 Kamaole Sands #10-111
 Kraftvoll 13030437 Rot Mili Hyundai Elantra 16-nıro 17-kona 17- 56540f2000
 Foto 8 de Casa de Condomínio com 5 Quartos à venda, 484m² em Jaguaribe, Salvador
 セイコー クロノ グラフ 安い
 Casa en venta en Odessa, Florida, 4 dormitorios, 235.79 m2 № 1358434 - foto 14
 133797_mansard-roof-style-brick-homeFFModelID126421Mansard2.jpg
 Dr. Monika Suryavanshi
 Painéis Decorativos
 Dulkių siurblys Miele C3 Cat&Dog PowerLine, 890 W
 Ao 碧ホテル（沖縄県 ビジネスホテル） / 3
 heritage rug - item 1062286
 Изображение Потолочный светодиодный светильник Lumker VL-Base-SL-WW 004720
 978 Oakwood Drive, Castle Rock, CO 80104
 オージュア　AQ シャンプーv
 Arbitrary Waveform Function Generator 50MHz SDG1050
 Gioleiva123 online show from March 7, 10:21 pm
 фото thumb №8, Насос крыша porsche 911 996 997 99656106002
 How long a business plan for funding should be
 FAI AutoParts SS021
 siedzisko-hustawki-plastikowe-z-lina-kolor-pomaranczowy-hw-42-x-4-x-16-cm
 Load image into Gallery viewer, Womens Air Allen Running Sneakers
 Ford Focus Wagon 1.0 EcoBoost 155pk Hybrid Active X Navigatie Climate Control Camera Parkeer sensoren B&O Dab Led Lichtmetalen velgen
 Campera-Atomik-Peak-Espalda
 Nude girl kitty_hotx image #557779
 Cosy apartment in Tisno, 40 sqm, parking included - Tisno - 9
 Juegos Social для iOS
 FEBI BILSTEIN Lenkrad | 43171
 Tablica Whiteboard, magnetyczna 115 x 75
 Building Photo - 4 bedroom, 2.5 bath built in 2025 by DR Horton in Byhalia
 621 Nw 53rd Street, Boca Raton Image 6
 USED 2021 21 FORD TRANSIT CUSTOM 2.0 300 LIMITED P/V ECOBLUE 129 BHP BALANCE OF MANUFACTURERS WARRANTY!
###
__Work to complete__
Only an exact transcription of all the entries will do.

__Solution__
 Kamaole Sands #10-111
 Kraftvoll 13030437 Rot Mili Hyundai Elantra 16-nıro 17-kona 17- 56540f2000
 Foto 8 de Casa de Condomínio com 5 Quartos à venda, 484m² em Jaguaribe, Salvador
 セイコー クロノ グラフ 安い
 Casa en venta en Odessa, Florida, 4 dormitorios, 235.79 m2 № 1358434 - foto 14
 133797_mansard-roof-style-brick-homeFFModelID126421Mansard2.jpg
 Dr. Monika Suryavanshi
 Painéis Decorativos
 Dulkių siurblys Miele C3 Cat&Dog PowerLine, 890 W
 Ao 碧ホテル（沖縄県 ビジネスホテル） / 3
 heritage rug - item 1062286
 Изображение Потолочный светодиодный светильник Lumker VL-Base-SL-WW 004720
 978 Oakwood Drive, Castle Rock, CO 80104
 オージュア　AQ シャンプーv
 Arbitrary Waveform Function Generator 50MHz SDG1050
 Gioleiva123 online show from March 7, 10:21 pm
 фото thumb №8, Насос крыша porsche 911 996 997 99656106002
 How long a business plan for funding should be
 FAI AutoParts SS021
 siedzisko-hustawki-plastikowe-z-lina-kolor-pomaranczowy-hw-42-x-4-x-16-cm
 Load image into Gallery viewer, Womens Air Allen Running Sneakers
 Ford Focus Wagon 1.0 EcoBoost 155pk Hybrid Active X Navigatie Climate Control Camera Parkeer sensoren B&O Dab Led Lichtmetalen velgen
 Campera-Atomik-Peak-Espalda
 Nude girl kitty_hotx image #557779
 Cosy apartment in Tisno, 40 sqm, parking included - Tisno - 9
 Juegos Social для iOS
 FEBI BILSTEIN Lenkrad | 43171
 Tablica Whiteboard, magnetyczna 115 x 75
 Building Photo - 4 bedroom, 2.5 bath built in 2025 by DR Horton in Byhalia
 621 Nw 53rd Street, Boca Raton Image 6
 USED 2021 21 FORD TRANSIT CUSTOM 2.0 300 LIMITED P/V ECOBLUE 129 BHP BALANCE OF MANUFACTURERS WARRANTY!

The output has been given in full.